2009 Annual Review

JT Ellison

It’s that time of year again. Time to look back on what I accomplished in the past 365 days, ascertain what I did right and what could be improved upon, and using that knowledge, set my goals for the coming year.

I’m not a fan of making resolutions, so when I discovered Chris Guillebeau’s wonderful 2008 Annual Review on his blog, The Art of Non-Conformity, I hitched on to the ride immediately. It’s the perfect scenario for those creative types who are working for themselves but still want some accountability. (Here’s the link to the actual post. Go on over there and take a read. I’ll wait.)

Okay, now that you’ve familiarized yourself with the system…

Last Christmas, with Chris’s template in mind, I set my goals instead of fretting about resolutions. My focus was on Work, Family, Self, Home, Knowledge, Health, Friendships, and an overarching “theme” goal focusing on enhancing my creative time by cutting back in other time consuming areas.

When I looked back on them today, I was pleased to see I’d achieved many of them, especially in the categories of writing, family and friendships. I’ve become much calmer, much more Zen about life in general, and my workflow is cleaner and more productive. I’ve surrounded myself with happy, productive people, worked hard, and played hard. This year was full of ups and downs, and if the goals were anything to go by, I accomplished about 80% of what I set out to do professionally, and 50% personally.

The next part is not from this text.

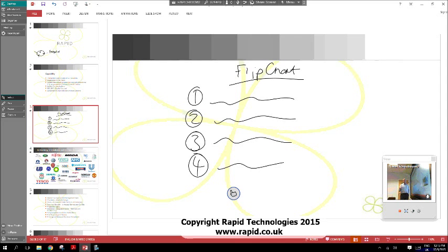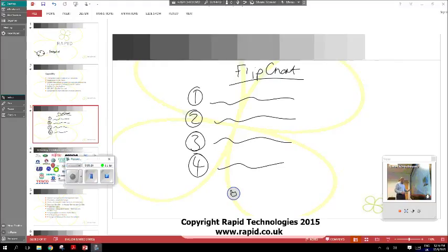I hope this presentation has been useful to you. If you'd like to find out more about what Rapid can do for your business in terms of smart technology and our training services, please visit us at www.rapid.co.uk. Thank you for joining us for this presentation and we'll see you on the next one. Thank you.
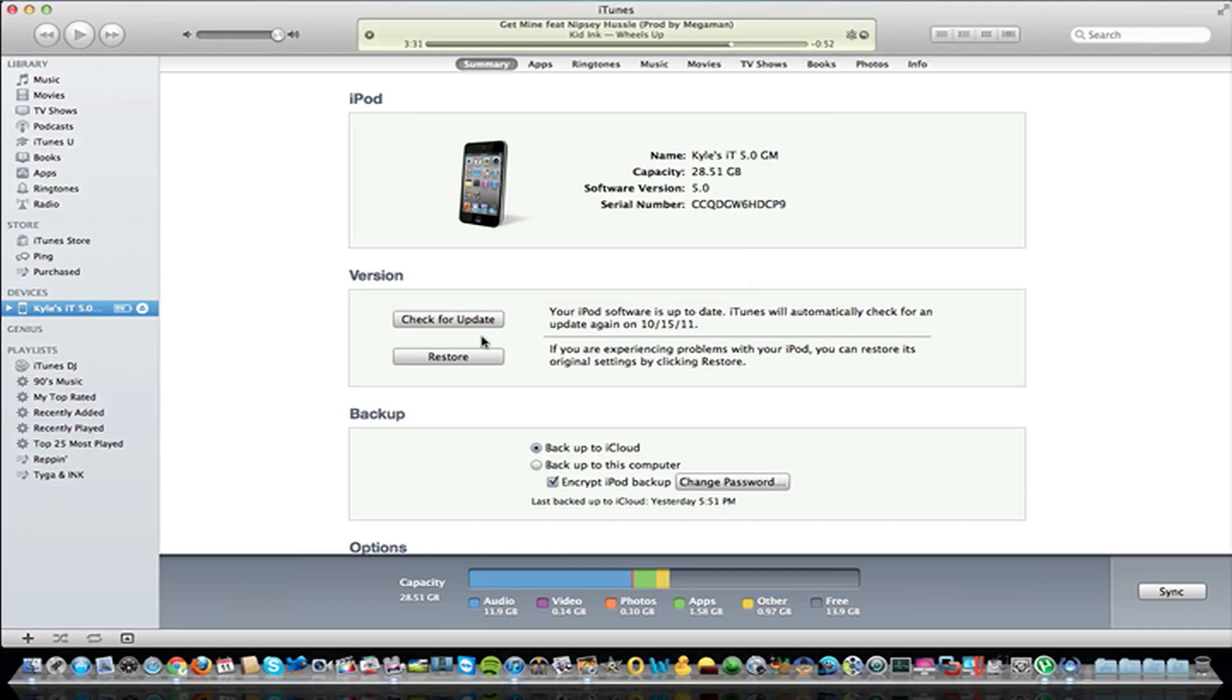As for the jailbreak, I'm assuming a tethered jailbreak for iOS 5 Final will be most likely available right away. But the untethered will probably be a few days, weeks, I don't know. I really have no idea what's going to go on. But there should be an untethered soon after the release of iOS 5. That's what I'm assuming.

Not bad. It could have been better, but the trick to all of this is to be accepting of what you accomplished and not beat yourself up over the things that were left undone.

 

The Year of Evolution

This year, I set different goals. I went rather whole hog and named 2010 the Year of Evolution. I’ve altered my categories a bit to match with my current world view: Writing, Business, Self, Education, Health, Home, Family/Friends, and a Five Year Goals section. I won’t go into the nitty gritty details, but I have a lot on my plate for this year, including launching two books, writing another Taylor Jackson book plus proposals for future novels, writing a stand-alone, making my social networking more meaningful, working on my golf game, and taking the final steps toward a real fluency in Italian.

Setting personal goals and setting professional goals are very different beasts. My professional goals are specific, with dated estimates of word counts and draft completions. They are tangible. They guide me when I get off track, and force me to consider where I spend my time.

My personal goals are different, more amorphous. Take golf, for example: I want to drop ten strokes off my score this year. There are steps that need to be taken to make this a reality: join a club, hit balls twice a week, play at least once a week. Join the women’s league so I have accountability. Most importantly, carve those precious hours out of my already hectic schedule to make this happen. Trying to jump into this in a week is a sure-fire recipe for disaster – some goals must be worked on slowly, made supple and amenable.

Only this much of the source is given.